During the first weeks, nothing happened. Like last year, the complaints were absurd and sometimes hurtful. Hilde wondered if Mr Hansen had taken the measure of Gilbert. If he had, he didn’t show it. When would be the right time to act? Should she write another note? Would it be better to wait? No, it was time to stand up to this. This wasn’t the moment to write about cookie jars though. That was cute but, against Gilbert, stronger measures were necessary.
At the end of the week, Mr Hansen read the messages aloud as usual. Hilde kept her temper with difficulty. Then Mr Hansen opened the last paper.
‘What is this?’
Hilde looked up, this had to be her note.
‘This is signed. For once.’ Mr Hansen sighed. ‘Oh. “To my knowledge, the stocks were abandoned as a punishment, centuries ago. Isn’t it time we practised the same courtesy here? Stop the Complaints’ Box and help us learn to live as human beings instead of as savages.” Signed, Hilde.’
There was silence. Mr Hansen leaned back in his chair and locked eyes with Hilde. She got up and took a deep breath.

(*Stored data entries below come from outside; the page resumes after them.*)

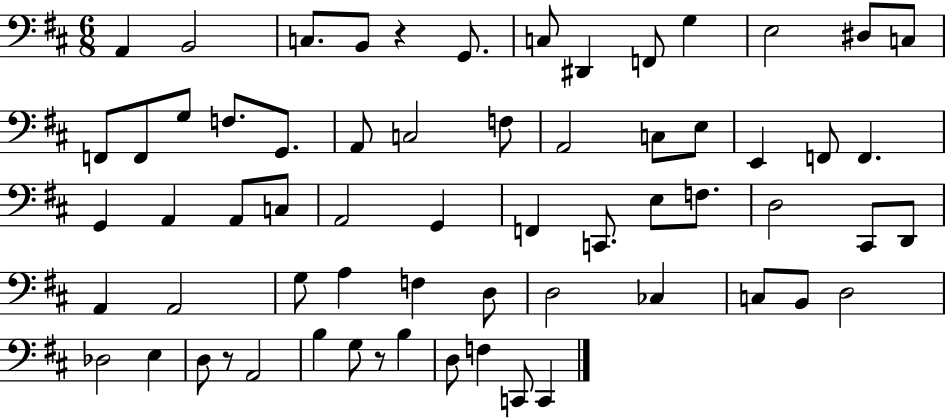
X:1
T:Untitled
M:6/8
L:1/4
K:D
A,, B,,2 C,/2 B,,/2 z G,,/2 C,/2 ^D,, F,,/2 G, E,2 ^D,/2 C,/2 F,,/2 F,,/2 G,/2 F,/2 G,,/2 A,,/2 C,2 F,/2 A,,2 C,/2 E,/2 E,, F,,/2 F,, G,, A,, A,,/2 C,/2 A,,2 G,, F,, C,,/2 E,/2 F,/2 D,2 ^C,,/2 D,,/2 A,, A,,2 G,/2 A, F, D,/2 D,2 _C, C,/2 B,,/2 D,2 _D,2 E, D,/2 z/2 A,,2 B, G,/2 z/2 B, D,/2 F, C,,/2 C,, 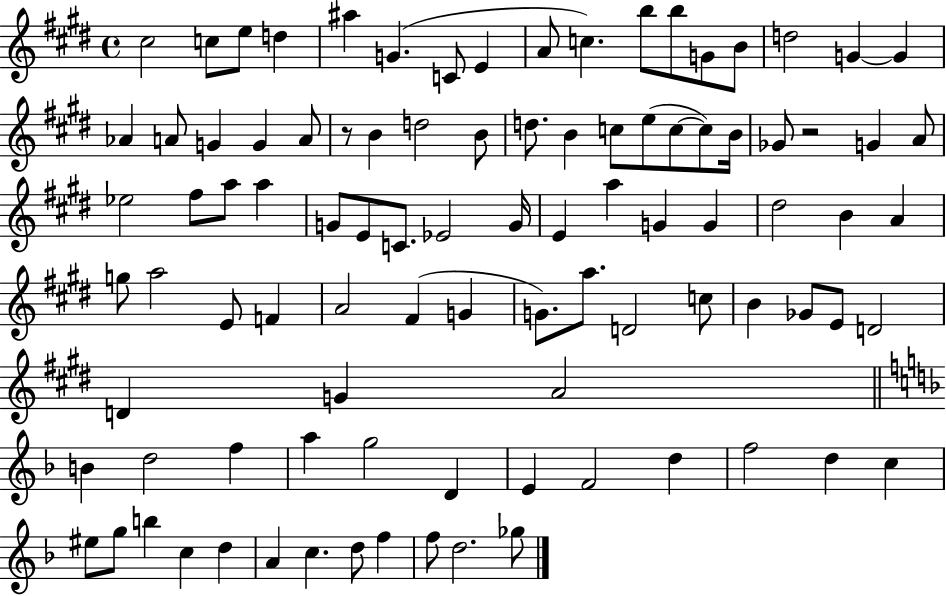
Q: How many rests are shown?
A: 2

‘Don’t you see, Mr Hansen, this box spreads conflict. Last year, Mette left. She couldn’t bear it, and her parents teach her at home.’
‘That is a grave allegation, Hilde.’ Mr Hansen replaced the box on its hook. ‘Don’t let us lose our heads now. I’ll keep the trial going a few weeks longer.’

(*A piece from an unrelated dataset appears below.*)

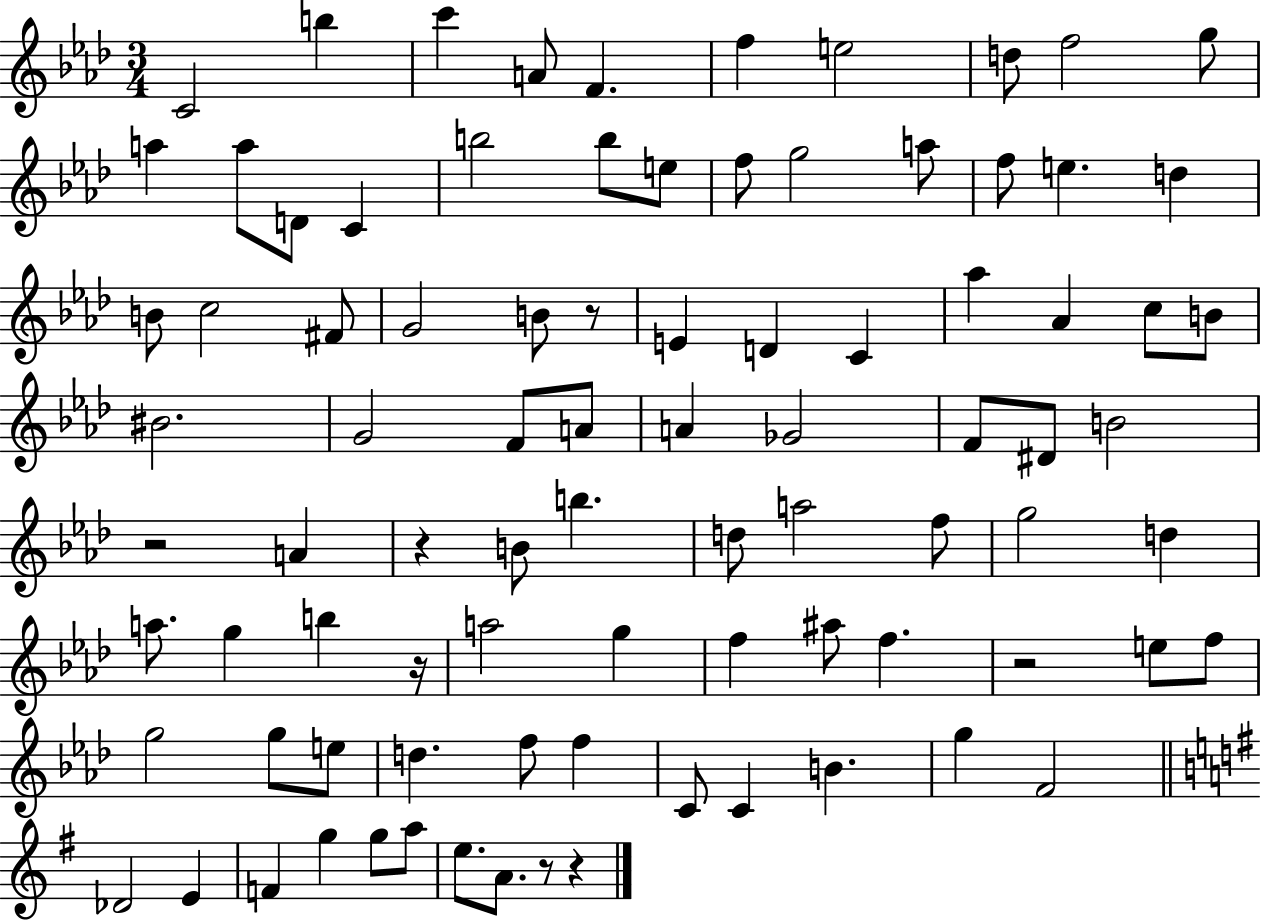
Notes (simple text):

C4/h B5/q C6/q A4/e F4/q. F5/q E5/h D5/e F5/h G5/e A5/q A5/e D4/e C4/q B5/h B5/e E5/e F5/e G5/h A5/e F5/e E5/q. D5/q B4/e C5/h F#4/e G4/h B4/e R/e E4/q D4/q C4/q Ab5/q Ab4/q C5/e B4/e BIS4/h. G4/h F4/e A4/e A4/q Gb4/h F4/e D#4/e B4/h R/h A4/q R/q B4/e B5/q. D5/e A5/h F5/e G5/h D5/q A5/e. G5/q B5/q R/s A5/h G5/q F5/q A#5/e F5/q. R/h E5/e F5/e G5/h G5/e E5/e D5/q. F5/e F5/q C4/e C4/q B4/q. G5/q F4/h Db4/h E4/q F4/q G5/q G5/e A5/e E5/e. A4/e. R/e R/q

Nobody talked as Mr Hansen fetched the box. He took his time opening it and spreading the notes on his desk. Then he picked one and cleared his voice.
‘This is strange. “Pete and Maren are repugnant and stupid.” Signed Hilde.’
Mr Hansen swept the class with his eyes. Hilde jumped up.
‘I never wrote that. I haven’t even been near the noticeboard this week.’
‘I saw you!’ Gilbert gloated. ‘You put that note in the box this morning.’
‘You’re lying.’ Hilde felt her cheeks burn as she rose. ‘I know what you’re trying to do. May I see that note?’
She went up to Mr Hansen’s desk and held out her hand. Mr Hansen shrugged and handed the note over.
‘This isn’t my handwriting. I can spell repugnant.’
‘I saw you put that note in the box.’ Gilbert’s voice became ugly. ‘You’re a lying bitch.’
‘I don’t lie.’ Hilde turned her head. ‘You didn’t see me. Also, it’s your handwriting.’
‘I’ve got the picture.’ Mr Hansen rose. ‘Gilbert, come with me to the principal’s office. This has gone on for long enough. Now.’